Aslında bu tarihsel değişim şimdi başlamıyor, olaylar üzerinden konuşulursa bu yolda ilk önemli girişim Gezi isyanıyla yaşanmıştı. Daha sonra 7 Haziran seçimleri inisiyatifi alma konusunda önemli bir adım oldu. Saray ve devlet halkların bu girişimlerini çok vahşi bir şekilde cezalandırdı. Yaşanan seçimleri de, özellikle HDP’nin seçim taktiğiyle inisiyatifi alma yolunda bir adım olarak görmek hatalı olmaz. Halkların bu inisiyatifi, her seferinde onu ezdiğini sandığı anda Saray’ın karşısına çıkması hem bir gerçekliği anlatıyor, aynı zamanda Cumhur İttifakı’nın sinirlerini bozuyor.

Önemli hata ve eksikliklerle yaşanan bu adımlar yılların edilgenliğini kısa bir sürede ortadan kaldıramazdı. Kürt Özgürlük Hareketi, Gezi isyanına zamanında katılamadı, gecikme ve tereddütler yaşadı. Gezi isyanının kendisi ise kendiliğinden bir isyanın ötesine geçemeyince buharlaşıp kaybolmuş gibi göründü. Ne kadar güçlü ve büyüleyici olursa olsun Gezi’de örgütlülük çok zayıf olduğu, hatta yeni kuşaklar için örgütlülük soğuk bakılan bir değer seviyesine gerilediği için tarihsel inisiyatif yoksunluğunu giderici rol oynamakta istikrarlı ve kararlı bir adıma yükselemedi.
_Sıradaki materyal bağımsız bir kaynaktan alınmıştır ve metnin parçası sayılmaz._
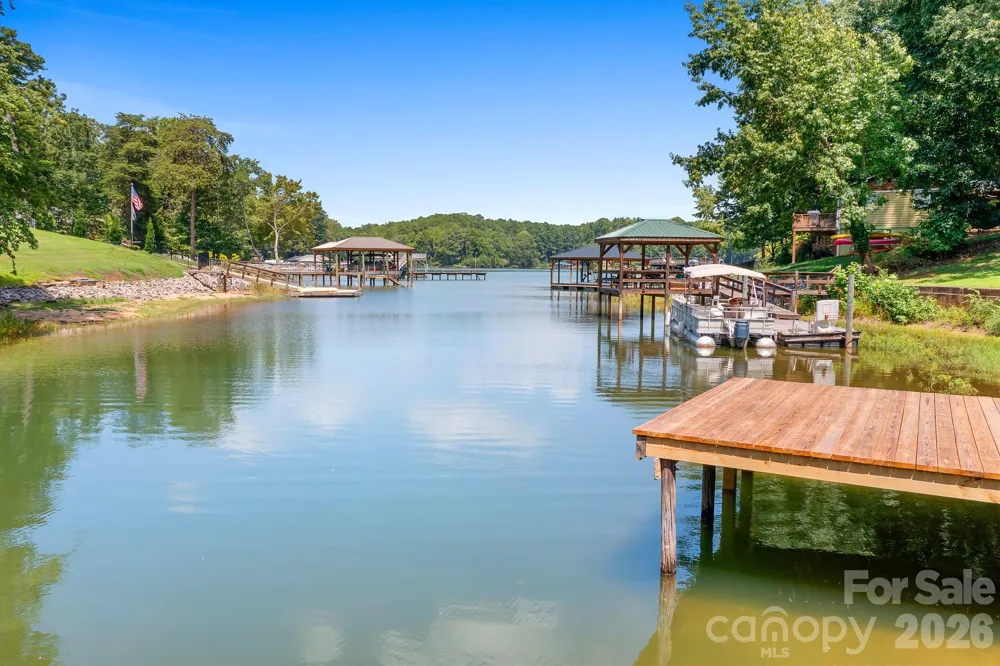 7224 Right Angle Street Sherrills Ford, NC 28673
7 Haziran’da halkların buluşması karşısında büyük paniğe kapılan AKP ve devletin korkunç saldırısı karşısında Kürt Özgürlük Hareketi de önemli taktik hatalar yapınca süreç tersine döndü. Böylece Saray, sanki sonsuza kadar kazanmış göründü.

Son seçimlerde halkların buluşması 7 Haziran gibi güçlü ve coşkulu olmasa da yeniden gerçekleşti. Düğümü çözmek ve yolu açmak için inisiyatifi alma yolunda bir kere daha adım atılmış oldu. Halkların ittifakı şimdi büyük bir sınavla karşı karşıyadır. Bunalımı asker ve devletin çözmesi için beklentinin artık hiçbir anlamı ve karşılığı yoktur. AKP iktidarı ise bunalımın kaynağıdır ve gittikçe inisiyatifi kaybediyor.

Yıllardır Kürt Özgürlük Hareketi büyük adımlar attı, kazandığı mevzileri düzen bütün zoruna rağmen geri alamıyor. Ancak halkların dayanışması olmadan da daha ileriye gidilemiyor. Gezi süreci ve sonrasında yeterince gerçekleşemeyen halkların buluşması bu tarihsel kavşakta güçlenmek ve siyasi aktör olarak inisiyatifi almakla yükümlüdür.